(Caption-style text data)
== Segment start ==
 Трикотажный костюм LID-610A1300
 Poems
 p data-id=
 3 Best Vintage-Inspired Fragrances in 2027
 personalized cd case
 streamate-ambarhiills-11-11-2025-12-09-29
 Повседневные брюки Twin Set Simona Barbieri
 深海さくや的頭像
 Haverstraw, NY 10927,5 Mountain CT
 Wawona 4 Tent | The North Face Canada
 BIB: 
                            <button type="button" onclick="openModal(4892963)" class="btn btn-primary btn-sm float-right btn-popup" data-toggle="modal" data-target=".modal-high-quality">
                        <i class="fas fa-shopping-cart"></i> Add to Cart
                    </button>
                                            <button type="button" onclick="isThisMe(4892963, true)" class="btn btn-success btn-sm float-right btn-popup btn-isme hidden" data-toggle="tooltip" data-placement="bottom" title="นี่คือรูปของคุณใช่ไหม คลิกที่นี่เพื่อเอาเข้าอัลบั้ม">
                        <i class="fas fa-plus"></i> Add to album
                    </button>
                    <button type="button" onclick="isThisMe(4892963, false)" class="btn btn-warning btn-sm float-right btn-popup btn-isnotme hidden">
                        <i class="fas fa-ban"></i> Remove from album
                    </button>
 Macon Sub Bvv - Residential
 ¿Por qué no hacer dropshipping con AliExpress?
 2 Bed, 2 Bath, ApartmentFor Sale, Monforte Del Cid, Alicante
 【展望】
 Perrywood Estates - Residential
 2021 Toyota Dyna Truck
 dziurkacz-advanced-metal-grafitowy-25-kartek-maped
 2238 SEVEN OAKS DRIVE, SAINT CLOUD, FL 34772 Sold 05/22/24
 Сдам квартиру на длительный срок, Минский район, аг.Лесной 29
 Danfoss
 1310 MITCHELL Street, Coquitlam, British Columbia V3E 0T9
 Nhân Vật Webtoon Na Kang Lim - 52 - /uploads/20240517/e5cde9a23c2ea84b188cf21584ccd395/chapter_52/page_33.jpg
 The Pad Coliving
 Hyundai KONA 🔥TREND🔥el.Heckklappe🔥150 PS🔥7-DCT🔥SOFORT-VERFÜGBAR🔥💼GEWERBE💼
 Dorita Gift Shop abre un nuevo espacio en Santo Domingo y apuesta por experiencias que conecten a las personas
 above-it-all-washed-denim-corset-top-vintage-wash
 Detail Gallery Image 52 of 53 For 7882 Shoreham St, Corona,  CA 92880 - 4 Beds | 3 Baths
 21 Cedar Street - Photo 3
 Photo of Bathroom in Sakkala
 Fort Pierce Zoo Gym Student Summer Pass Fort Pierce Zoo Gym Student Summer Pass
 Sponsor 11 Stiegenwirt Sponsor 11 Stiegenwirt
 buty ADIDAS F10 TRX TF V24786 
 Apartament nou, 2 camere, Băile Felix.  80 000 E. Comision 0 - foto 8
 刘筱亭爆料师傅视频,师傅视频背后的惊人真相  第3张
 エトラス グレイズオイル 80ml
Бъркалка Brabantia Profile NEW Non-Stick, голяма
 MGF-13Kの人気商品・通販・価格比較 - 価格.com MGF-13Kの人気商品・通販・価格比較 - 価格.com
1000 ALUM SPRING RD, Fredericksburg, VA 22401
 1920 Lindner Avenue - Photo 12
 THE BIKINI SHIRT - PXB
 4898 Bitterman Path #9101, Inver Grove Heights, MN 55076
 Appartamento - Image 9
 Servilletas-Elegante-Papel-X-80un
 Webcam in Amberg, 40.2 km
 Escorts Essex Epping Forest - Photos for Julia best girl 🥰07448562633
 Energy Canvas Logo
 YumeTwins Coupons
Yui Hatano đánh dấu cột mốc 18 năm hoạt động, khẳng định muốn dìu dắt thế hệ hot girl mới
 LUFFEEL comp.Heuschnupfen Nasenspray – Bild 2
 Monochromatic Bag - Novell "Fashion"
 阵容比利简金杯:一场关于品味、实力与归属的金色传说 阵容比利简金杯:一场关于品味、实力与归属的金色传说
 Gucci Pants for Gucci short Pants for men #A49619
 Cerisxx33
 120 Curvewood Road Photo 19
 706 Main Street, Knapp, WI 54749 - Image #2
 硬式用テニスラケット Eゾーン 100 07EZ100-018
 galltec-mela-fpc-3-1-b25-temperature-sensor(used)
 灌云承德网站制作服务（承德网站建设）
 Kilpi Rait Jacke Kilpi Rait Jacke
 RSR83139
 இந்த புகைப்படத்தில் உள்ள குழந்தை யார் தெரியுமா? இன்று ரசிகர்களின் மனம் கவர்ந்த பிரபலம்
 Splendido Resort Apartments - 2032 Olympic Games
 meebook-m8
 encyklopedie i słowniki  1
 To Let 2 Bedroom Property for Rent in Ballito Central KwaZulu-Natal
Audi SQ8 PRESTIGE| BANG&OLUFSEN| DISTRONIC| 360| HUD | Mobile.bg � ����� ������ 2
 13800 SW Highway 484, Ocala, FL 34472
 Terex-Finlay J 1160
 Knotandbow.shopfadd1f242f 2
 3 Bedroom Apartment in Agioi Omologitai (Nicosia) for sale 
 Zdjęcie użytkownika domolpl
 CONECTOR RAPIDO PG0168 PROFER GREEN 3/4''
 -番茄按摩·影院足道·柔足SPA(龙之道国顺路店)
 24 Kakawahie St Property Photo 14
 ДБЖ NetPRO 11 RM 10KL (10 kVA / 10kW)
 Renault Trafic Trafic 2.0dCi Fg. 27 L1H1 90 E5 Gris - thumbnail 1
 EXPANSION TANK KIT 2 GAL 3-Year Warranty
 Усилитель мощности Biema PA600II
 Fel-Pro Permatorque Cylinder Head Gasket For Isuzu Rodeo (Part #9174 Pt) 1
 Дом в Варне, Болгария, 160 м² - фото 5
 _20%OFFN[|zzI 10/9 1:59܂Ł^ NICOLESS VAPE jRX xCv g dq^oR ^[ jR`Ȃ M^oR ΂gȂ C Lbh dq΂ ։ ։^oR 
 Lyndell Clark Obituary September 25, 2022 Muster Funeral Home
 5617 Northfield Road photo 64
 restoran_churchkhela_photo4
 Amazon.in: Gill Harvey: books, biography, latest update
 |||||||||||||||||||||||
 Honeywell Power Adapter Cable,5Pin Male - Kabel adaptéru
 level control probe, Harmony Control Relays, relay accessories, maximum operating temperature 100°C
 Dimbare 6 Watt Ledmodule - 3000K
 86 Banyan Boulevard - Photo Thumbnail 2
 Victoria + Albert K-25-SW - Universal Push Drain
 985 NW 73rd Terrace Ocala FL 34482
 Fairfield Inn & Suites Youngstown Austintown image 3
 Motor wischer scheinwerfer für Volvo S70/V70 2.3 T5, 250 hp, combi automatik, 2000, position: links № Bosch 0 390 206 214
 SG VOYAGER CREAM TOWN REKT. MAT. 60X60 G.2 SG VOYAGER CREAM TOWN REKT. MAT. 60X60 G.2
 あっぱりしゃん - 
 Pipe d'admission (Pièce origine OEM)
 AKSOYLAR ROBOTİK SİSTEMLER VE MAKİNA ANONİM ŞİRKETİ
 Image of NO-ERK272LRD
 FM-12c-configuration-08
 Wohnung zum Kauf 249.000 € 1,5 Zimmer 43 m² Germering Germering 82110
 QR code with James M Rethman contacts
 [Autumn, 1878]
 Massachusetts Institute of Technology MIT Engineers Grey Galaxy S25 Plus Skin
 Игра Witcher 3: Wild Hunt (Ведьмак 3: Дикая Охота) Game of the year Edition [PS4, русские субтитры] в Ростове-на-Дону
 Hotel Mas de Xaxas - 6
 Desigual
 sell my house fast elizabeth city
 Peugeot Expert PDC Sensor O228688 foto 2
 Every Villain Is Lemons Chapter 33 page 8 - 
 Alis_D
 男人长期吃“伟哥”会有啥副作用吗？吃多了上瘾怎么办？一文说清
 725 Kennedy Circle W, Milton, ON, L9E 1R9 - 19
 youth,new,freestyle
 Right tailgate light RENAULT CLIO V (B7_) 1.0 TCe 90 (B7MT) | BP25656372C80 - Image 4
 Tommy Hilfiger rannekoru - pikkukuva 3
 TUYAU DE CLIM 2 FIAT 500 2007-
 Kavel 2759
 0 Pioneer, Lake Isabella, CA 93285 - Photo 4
== Segment end ==
- **Exercise objective**
Retype nothing except the lines from the line holding "Every Villain Is" through the last line of the entries, both included.

- **Answer**
 Every Villain Is Lemons Chapter 33 page 8 - 
 Alis_D
 男人长期吃“伟哥”会有啥副作用吗？吃多了上瘾怎么办？一文说清
 725 Kennedy Circle W, Milton, ON, L9E 1R9 - 19
 youth,new,freestyle
 Right tailgate light RENAULT CLIO V (B7_) 1.0 TCe 90 (B7MT) | BP25656372C80 - Image 4
 Tommy Hilfiger rannekoru - pikkukuva 3
 TUYAU DE CLIM 2 FIAT 500 2007-
 Kavel 2759
 0 Pioneer, Lake Isabella, CA 93285 - Photo 4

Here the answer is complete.